Torna la protesta in Iran, la polizia spara sulla folla

Sono tornati. Un mese dopo la grande truffa elettorale, dieci anni dopo quella maglietta insanguinata simbolo della protesta del 1999 studenti e folla sono di nuovo in piazza, di nuovo a piazza Azadi, di nuovo di fronte all'università. Lì il 18 Tir del 1999 le milizie basiji fecero irruzione nei dormitori occupati dagli studenti uccidendone uno e ferendone qualche decina. La maglietta imbrattata di sangue di uno di quei ragazzi diventò il simbolo della rabbia e della repressione. Quella volta finì in pochi giorni. Stavolta non smette. Stavolta a quasi un mese dalle elezioni rubate del 12 giugno studenti e cittadini beffati continuano a scendere in piazza, a gridare la loro rabbia contro il regime, ad affrontare le milizie basiji, a sfidare le minacce delle autorità. E soprattutto continuano ad inneggiare a Mir Hossein Moussavi, il 67enne ex primo ministro diventato l'icona dell'opposizione al regime. I blog e i siti internet dell'opposizione iraniana, da giorni, invitavano a non dimenticare a scendere in piazza e a manifestare in silenzio con una rosa in mano. Ieri pomeriggio quell'invito fa piazza pulita delle minacce di regime.

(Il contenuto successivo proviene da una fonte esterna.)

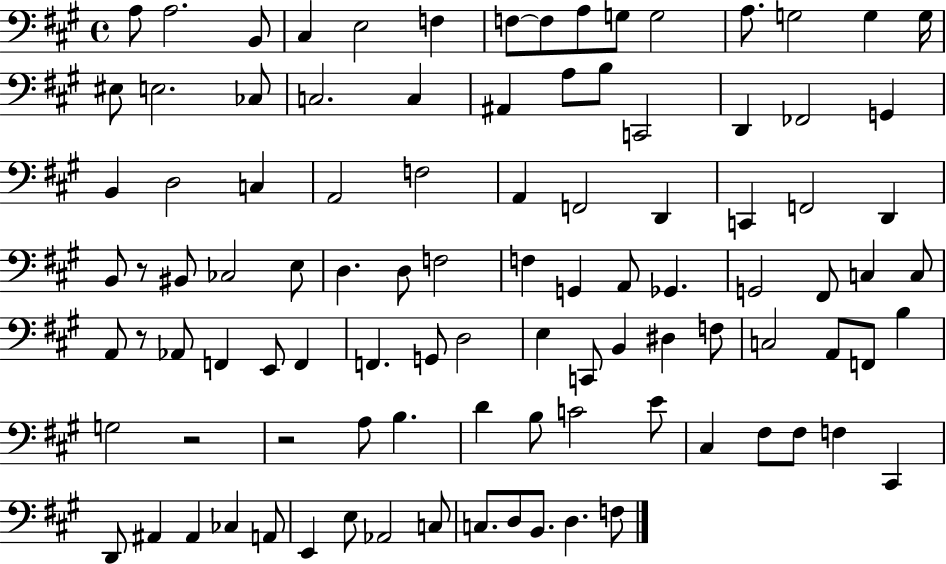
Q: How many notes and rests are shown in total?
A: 100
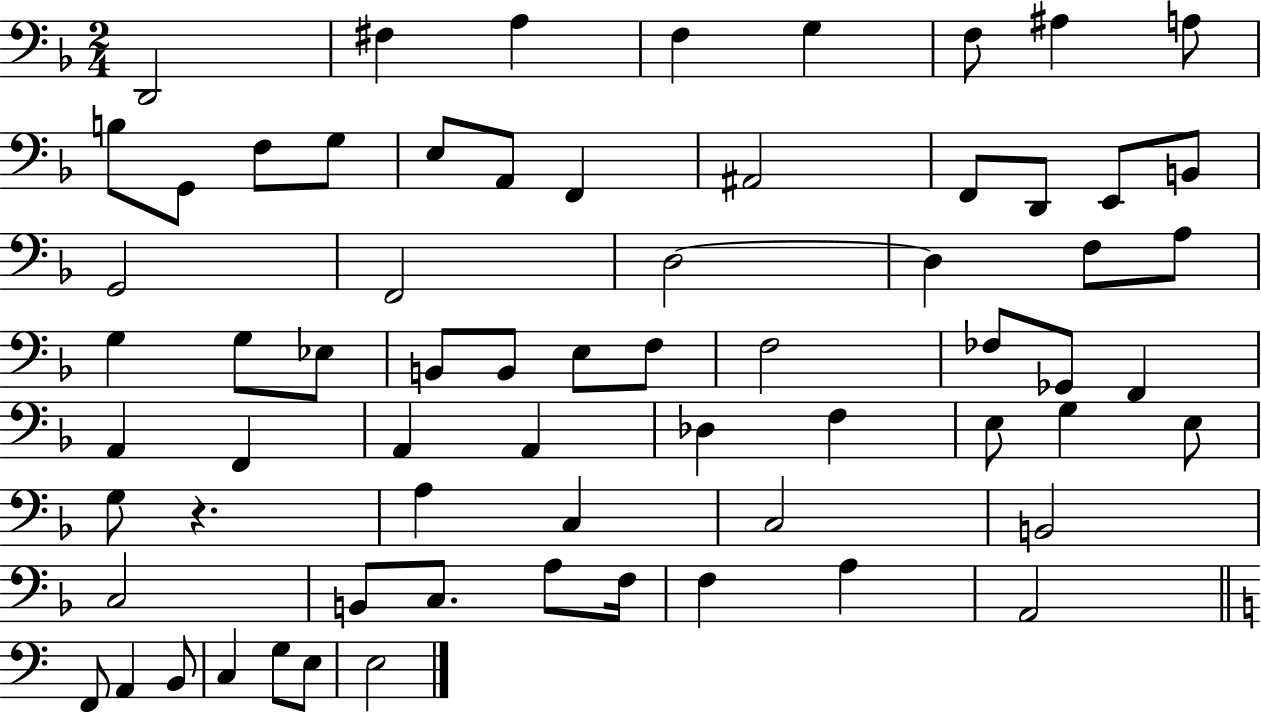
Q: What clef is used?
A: bass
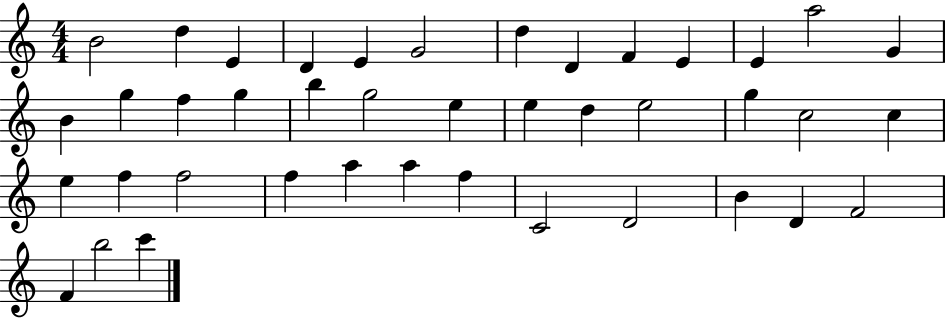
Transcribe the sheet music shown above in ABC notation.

«Se qualcuno influenzato dalle correnti anti rivoluzionarie prenderà iniziative contrarie alla sicurezza si ritroverà schiacciato sotto i piedi di chi è preposto a vigilare», avvisava ieri mattina il governatore Morteza Tamadon. Ma le sue parole stavolta non fanno paura. Gli studenti e i dimostranti s'avvicinano a piccoli gruppi, evitano i cordoni della polizia, si riuniscono a poca distanza dagli ingressi dell'università. Poi all'improvviso i tumulti, gli scontri, i basiji che caricano, gli spari in aria dei poliziotti, una nube grigia di lacrimogeni che ricopre slarghi e incroci. «Morte al dittatore», lo slogan che dieci anni fa nessuno avrebbe osato urlare, rimbomba tra le case, fa da colonna sonora alle cariche dei basiji, alle incertezze della polizia, ai caroselli di manifestanti ora in fuga, ora di nuovo incolonnati. «La polizia sta sparando in aria e arrestando alcune persone, ora stanno esplodendo i lacrimogeni, i basiji in moto controllano tutta la zona», riferiscono i messaggi su twitter che a sera riecheggiano notizie drammatiche: almeno due morti e 12 feriti tra i manifestanti (prima si era parlato solo di tre feriti), un miliziano preso in ostaggio dalla folla sulla piazza Enghelab.
Come sempre telefonini e internet smettono di funzionare al primo segno di disordini, ma stavolta non sembra essercene bisogno. Stavolta i manifestanti seguono una regia precisa. Si disperdono non appena compaiono i basiji in moto, scompaiono per ricomparire e riprendere i loro slogan un chilometro più in là. In questa giostra confusa tra i fumi acri dei candelotti e dei cassonetti d'immondizia bruciati nessuno sa veramente dire quanti siano gli oppositori. Qualcuno all'inizio ne conta 250 al massimo, ma poi il serpentone umano assume forma e consistenza. Alcuni testimoni parlano di oltre mille persone. Secondo la Cnn, che cita un giornalista sul posto, gli agenti anti-sommossa e le forze paramilitari avrebbero caricato un corteo di quasi tremila persone diretto verso l'università. L'agenzia France Presse, citando testimoni, riferisce di circa tremila manifestanti sparsi tra piazza Azadi e le vie dell'ateneo. Il regime nonostante le divisioni interne innescate da repressione e manifestazioni continua a ignorare la protesta e il presidente Mahmoud Ahmadinejad ripete che «i nemici» saranno «obbligati a trattare» con lui.

«Oggi i nemici - ha detto ieri Ahmadinejad, - sono molto arrabbiati poiché, malgrado la loro propaganda, è arrivato al potere un governo forte del sostegno di 40 milioni di elettori che non concederà loro alcun vantaggio. Dovranno vedersela con noi».